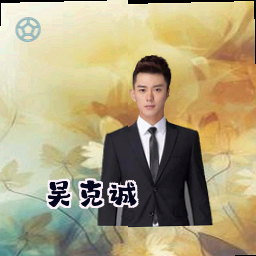 吴克诚
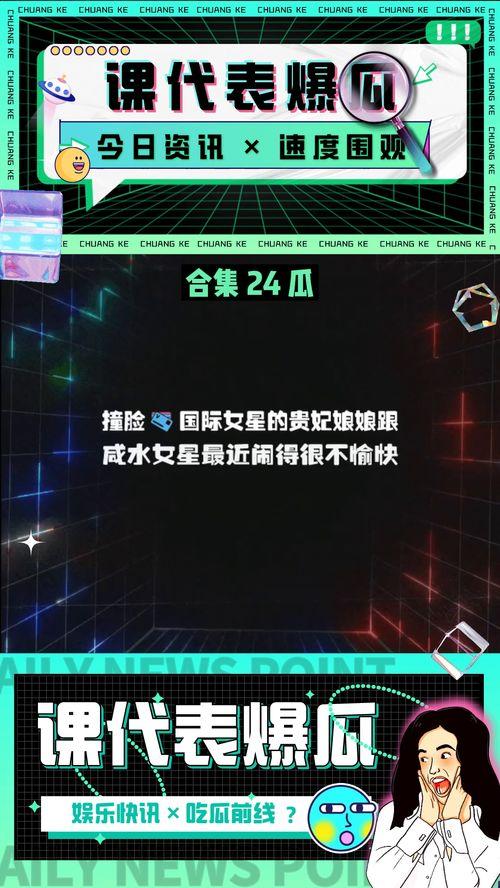 娱乐圈8卦吃瓜是谁,揭秘“吃瓜群众”背后的神秘力量  第3张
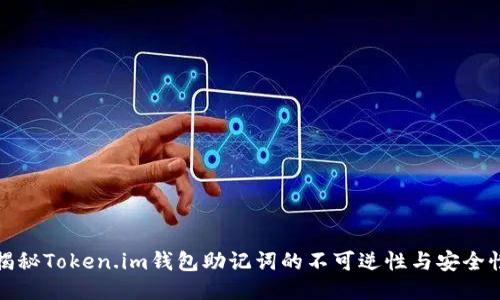 揭秘Token.im钱包助记词的不可逆性与安全性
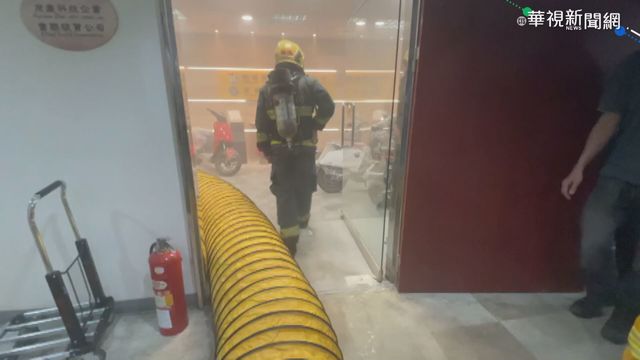 疑展示鋰電池自燃 電動車公司傳爆炸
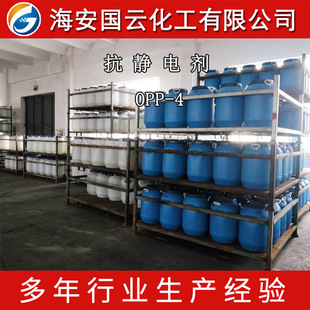 �S��֧���Øӿ��o늄�OP-4P ���������� ��Һ�ۺ����黯��OPP-4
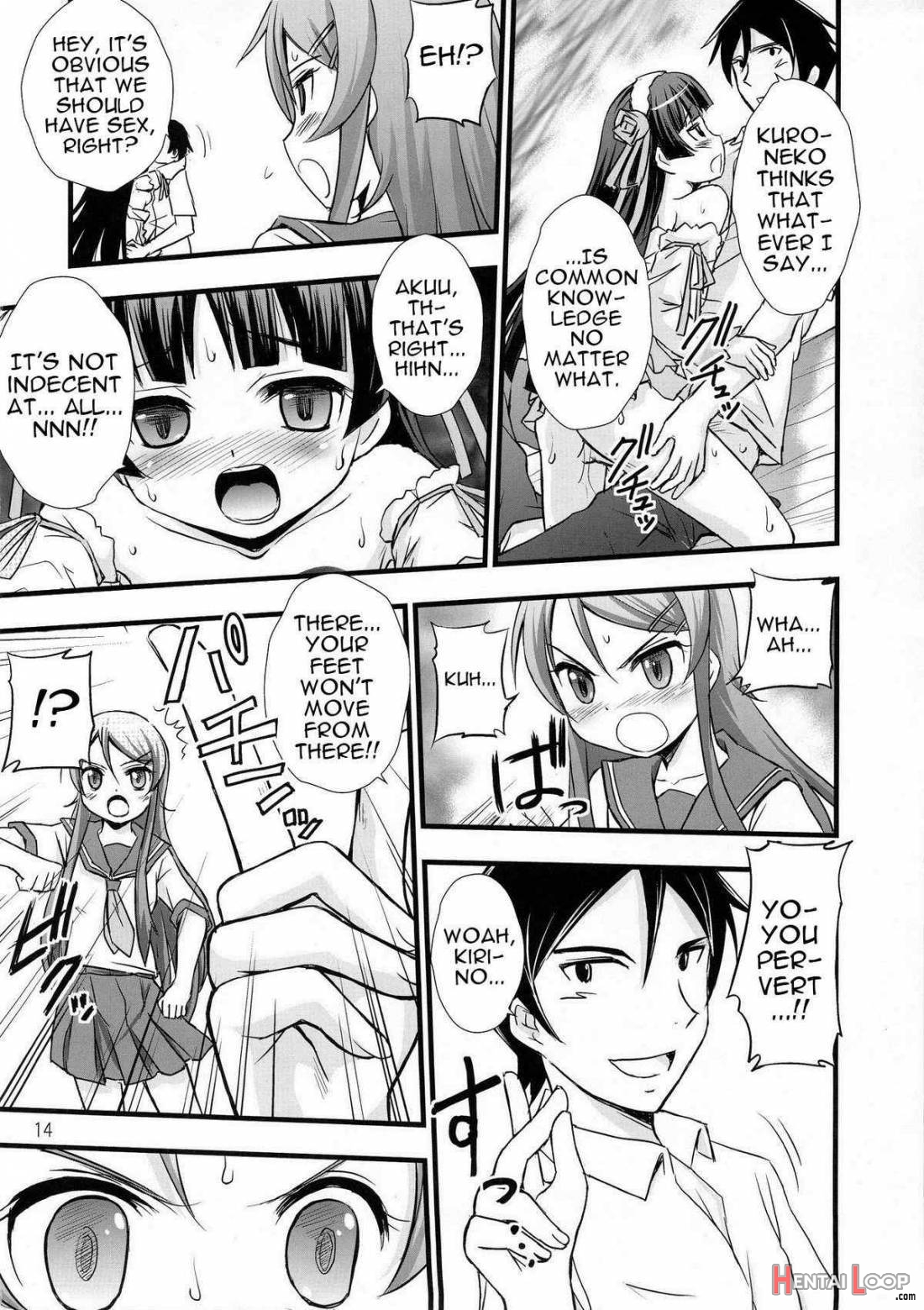 Ore No Imouto Ga Konna Ni Saimin Ni Kakaru Wake Ga Nai page 11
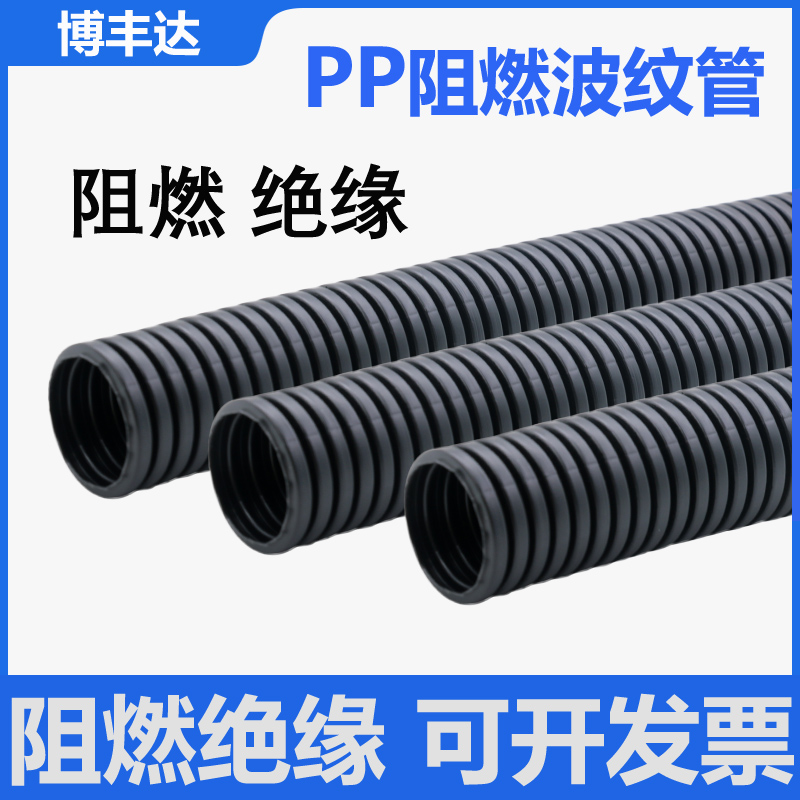 PP塑料阻燃波纹管尼龙电线缆电工穿线软管保护套管螺纹管黑色PA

THE TASK — The response should restate the material above word for word and contain no pictures.

WRITTEN ANSWER —
 吴克诚
 娱乐圈8卦吃瓜是谁,揭秘“吃瓜群众”背后的神秘力量  第3张
 揭秘Token.im钱包助记词的不可逆性与安全性
 疑展示鋰電池自燃 電動車公司傳爆炸
 �S��֧���Øӿ��o늄�OP-4P ���������� ��Һ�ۺ����黯��OPP-4
 Ore No Imouto Ga Konna Ni Saimin Ni Kakaru Wake Ga Nai page 11
 PP塑料阻燃波纹管尼龙电线缆电工穿线软管保护套管螺纹管黑色PA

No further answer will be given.